Data extracted from a collection:

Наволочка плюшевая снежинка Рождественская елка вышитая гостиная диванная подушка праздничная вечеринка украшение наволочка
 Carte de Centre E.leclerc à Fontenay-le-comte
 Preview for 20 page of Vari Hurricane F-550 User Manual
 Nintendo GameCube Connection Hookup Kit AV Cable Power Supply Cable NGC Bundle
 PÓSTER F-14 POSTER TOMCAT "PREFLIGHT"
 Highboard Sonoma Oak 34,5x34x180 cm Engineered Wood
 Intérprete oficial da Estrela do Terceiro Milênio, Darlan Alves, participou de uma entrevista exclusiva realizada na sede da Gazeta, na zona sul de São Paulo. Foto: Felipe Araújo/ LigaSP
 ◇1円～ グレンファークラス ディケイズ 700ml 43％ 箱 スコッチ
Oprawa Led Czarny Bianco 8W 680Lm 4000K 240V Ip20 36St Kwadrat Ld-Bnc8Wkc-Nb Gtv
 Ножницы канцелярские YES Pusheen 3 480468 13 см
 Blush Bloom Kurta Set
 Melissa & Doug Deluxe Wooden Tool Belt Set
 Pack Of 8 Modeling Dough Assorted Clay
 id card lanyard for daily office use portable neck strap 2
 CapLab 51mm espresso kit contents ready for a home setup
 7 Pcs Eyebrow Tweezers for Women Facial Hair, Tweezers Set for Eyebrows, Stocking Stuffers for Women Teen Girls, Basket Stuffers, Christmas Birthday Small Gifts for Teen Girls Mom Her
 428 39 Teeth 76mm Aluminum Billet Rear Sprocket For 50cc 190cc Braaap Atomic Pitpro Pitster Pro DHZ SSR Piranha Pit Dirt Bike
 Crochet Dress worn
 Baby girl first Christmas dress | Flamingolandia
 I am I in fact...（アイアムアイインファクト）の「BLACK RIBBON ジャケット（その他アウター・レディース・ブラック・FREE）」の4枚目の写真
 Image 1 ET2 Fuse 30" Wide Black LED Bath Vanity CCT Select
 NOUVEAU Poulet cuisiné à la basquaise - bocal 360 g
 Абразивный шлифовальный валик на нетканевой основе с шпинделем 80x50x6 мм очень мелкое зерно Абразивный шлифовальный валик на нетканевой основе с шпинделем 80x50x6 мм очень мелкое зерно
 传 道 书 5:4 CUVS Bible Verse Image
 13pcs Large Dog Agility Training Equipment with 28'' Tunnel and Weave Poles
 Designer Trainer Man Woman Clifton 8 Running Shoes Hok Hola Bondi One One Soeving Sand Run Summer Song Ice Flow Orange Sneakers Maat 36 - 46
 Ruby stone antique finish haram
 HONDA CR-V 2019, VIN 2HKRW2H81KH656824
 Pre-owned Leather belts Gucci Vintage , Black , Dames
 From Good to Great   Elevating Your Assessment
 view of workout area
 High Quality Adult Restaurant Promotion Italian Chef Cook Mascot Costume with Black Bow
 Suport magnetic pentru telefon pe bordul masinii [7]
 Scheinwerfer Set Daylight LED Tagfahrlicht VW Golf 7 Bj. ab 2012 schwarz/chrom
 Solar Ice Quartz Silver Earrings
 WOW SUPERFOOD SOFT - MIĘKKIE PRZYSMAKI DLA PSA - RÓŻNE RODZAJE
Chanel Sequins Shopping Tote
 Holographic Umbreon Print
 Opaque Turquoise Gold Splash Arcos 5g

● **PROBLEM REQUIREMENTS**:
Please find the lines in the data that contain the word "Image" and copy them.

● **FINISHED TASK**:
 Image 1 ET2 Fuse 30" Wide Black LED Bath Vanity CCT Select
 传 道 书 5:4 CUVS Bible Verse Image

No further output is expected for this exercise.